Stored data:
:::

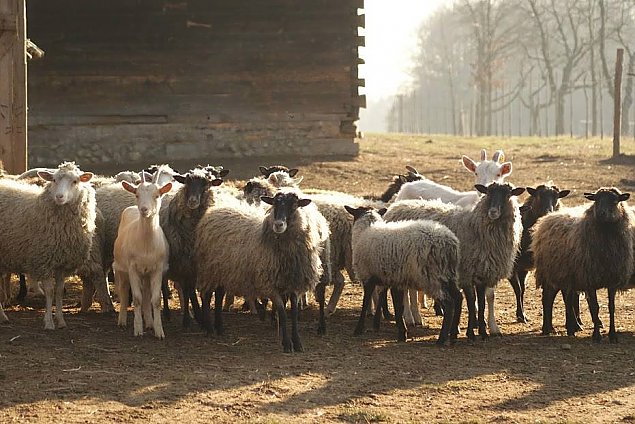 Zagroda Ojrzanów - wyjątkowe miejsce w okolicy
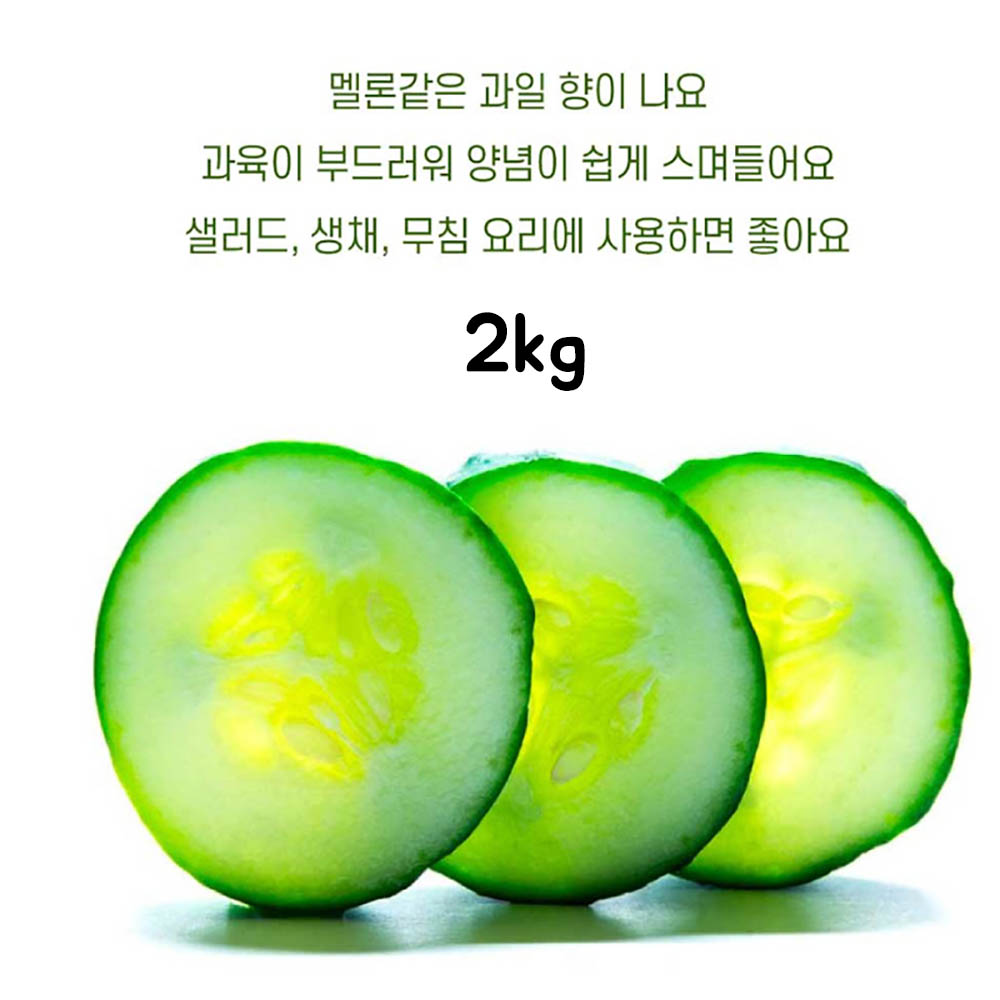 1669271269 thumbnail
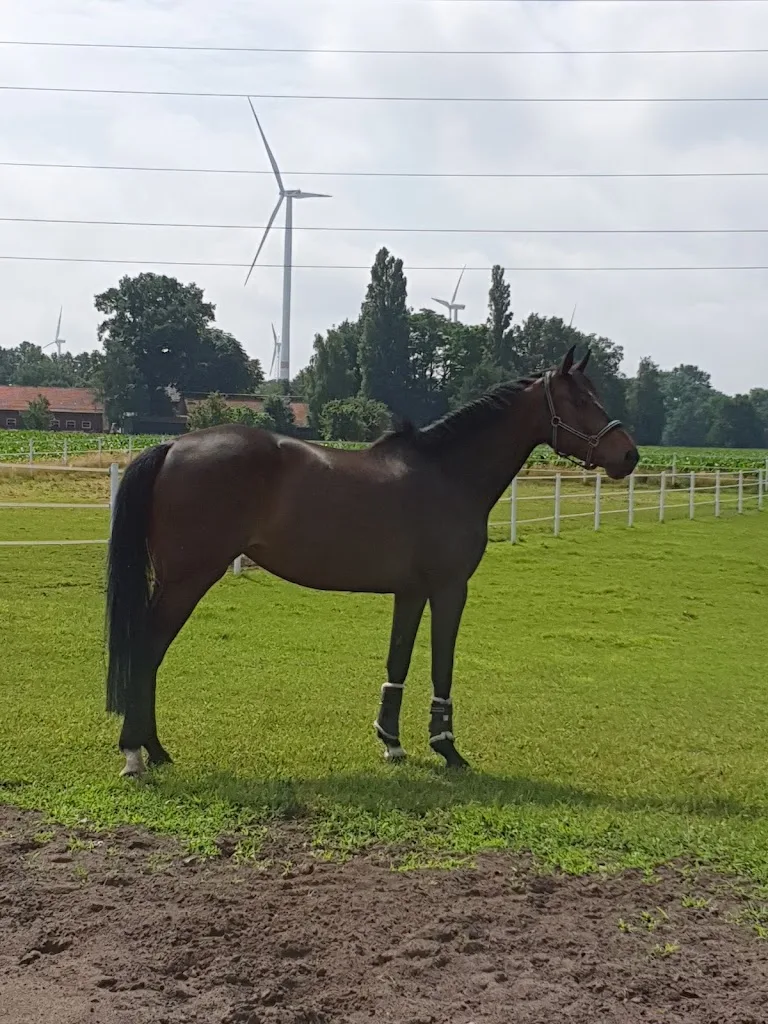 Zucht und Dressur Hof Leusmann - photo 1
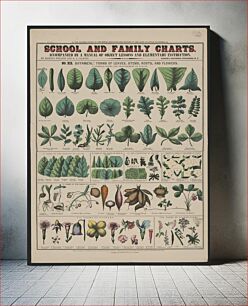 Πίνακας, School and family charts, No. XIX. Botanical: forms of leaves, stems, roots, and flowers (1890) by Marcius Willson and N.A. Calkins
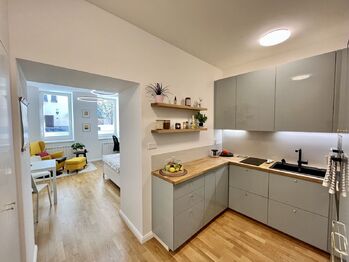 Prodej bytu 1+kk v osobním vlastnictví 36 m², Praha 2 - Vinohrady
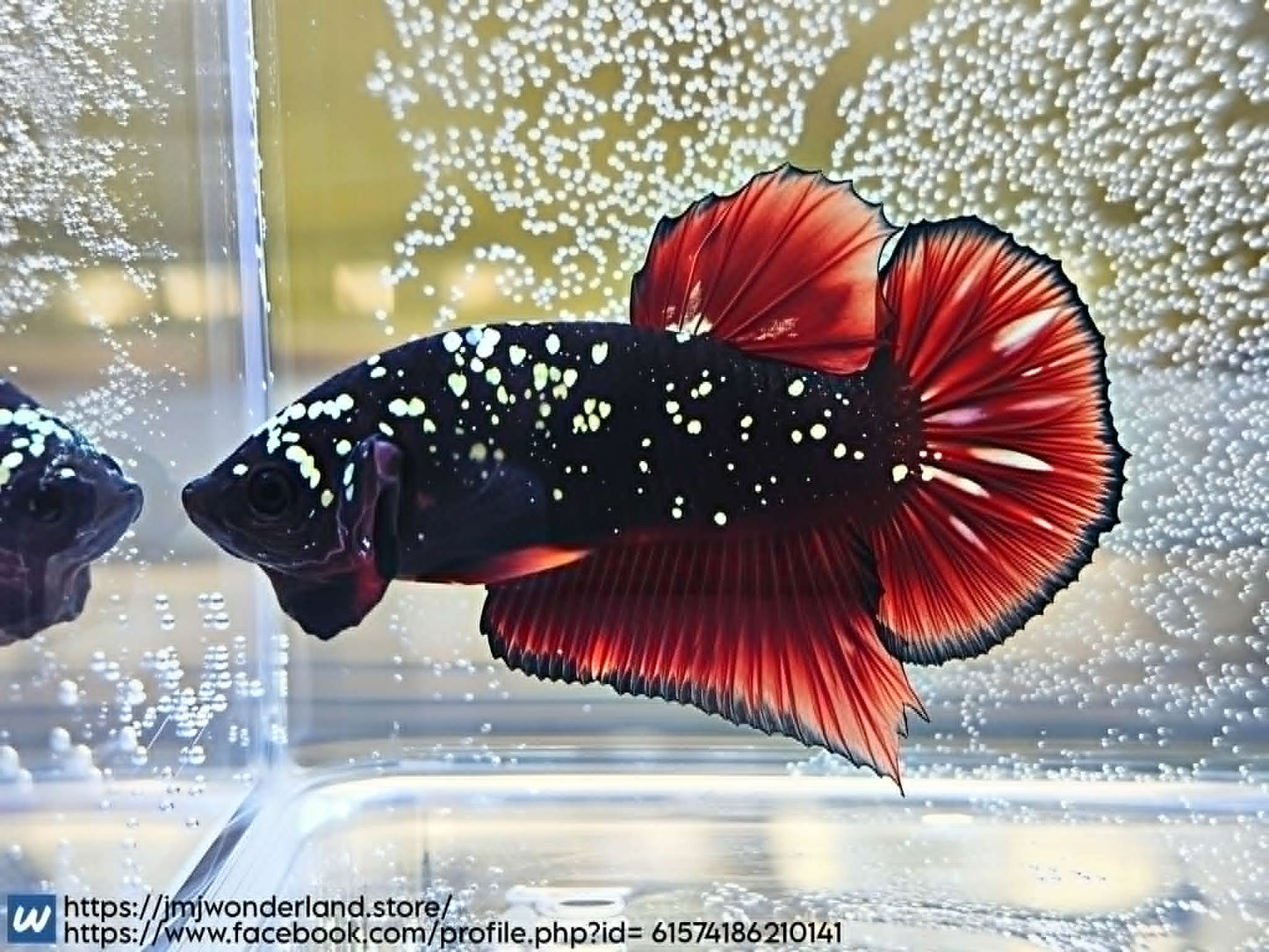 1x Live Avatar Red/Silver HMPK Male Betta (WYSIWYG) H303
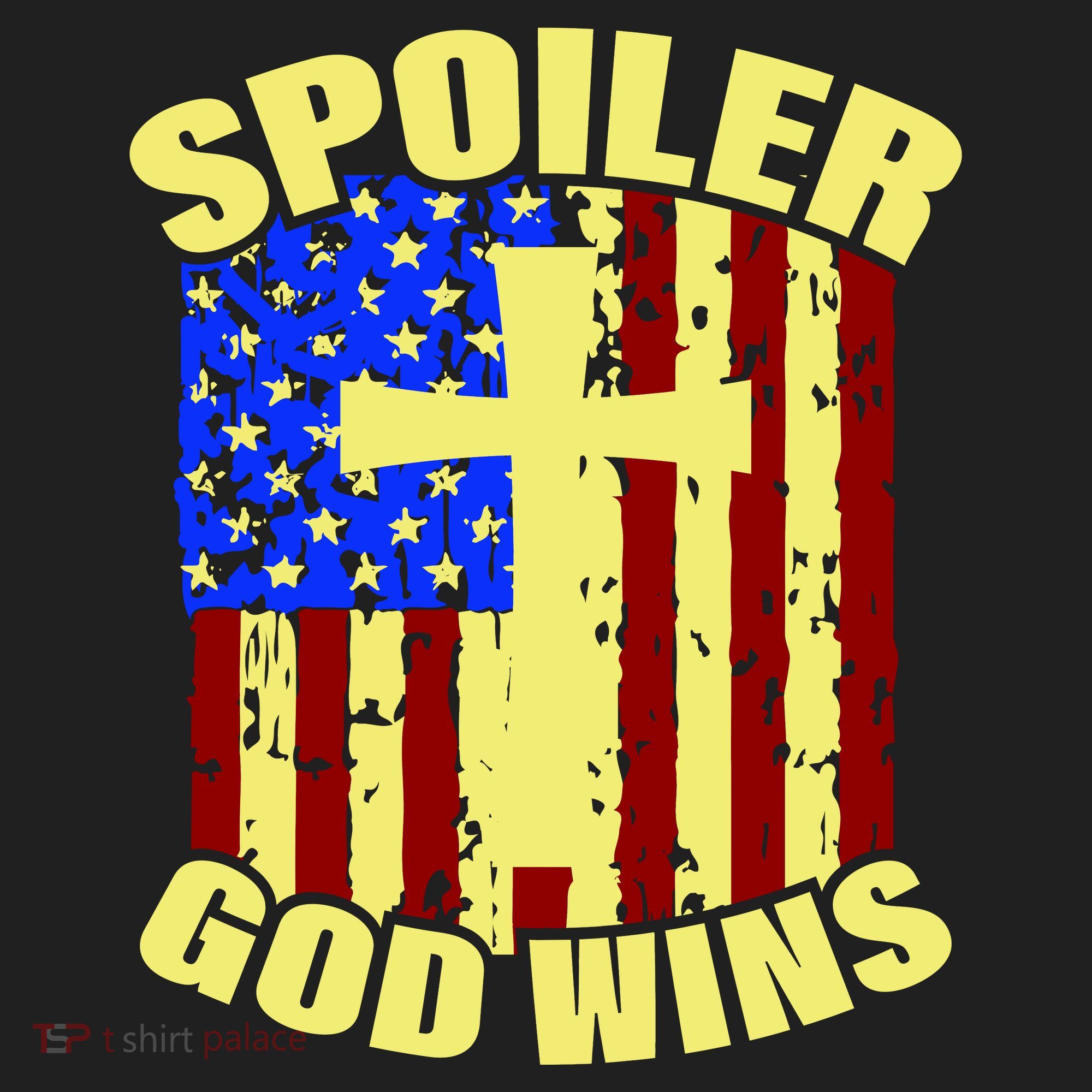 Spoiler God Wins American Flag Beanie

:::

◆ **PROBLEM**:
Your answer must be the lines from the one containing "Πίνακας, School and" through the last line of the records, copied exactly, with no pictures.

◆ **COMPLETED EXERCISE**:
 Πίνακας, School and family charts, No. XIX. Botanical: forms of leaves, stems, roots, and flowers (1890) by Marcius Willson and N.A. Calkins
 Prodej bytu 1+kk v osobním vlastnictví 36 m², Praha 2 - Vinohrady
 1x Live Avatar Red/Silver HMPK Male Betta (WYSIWYG) H303
 Spoiler God Wins American Flag Beanie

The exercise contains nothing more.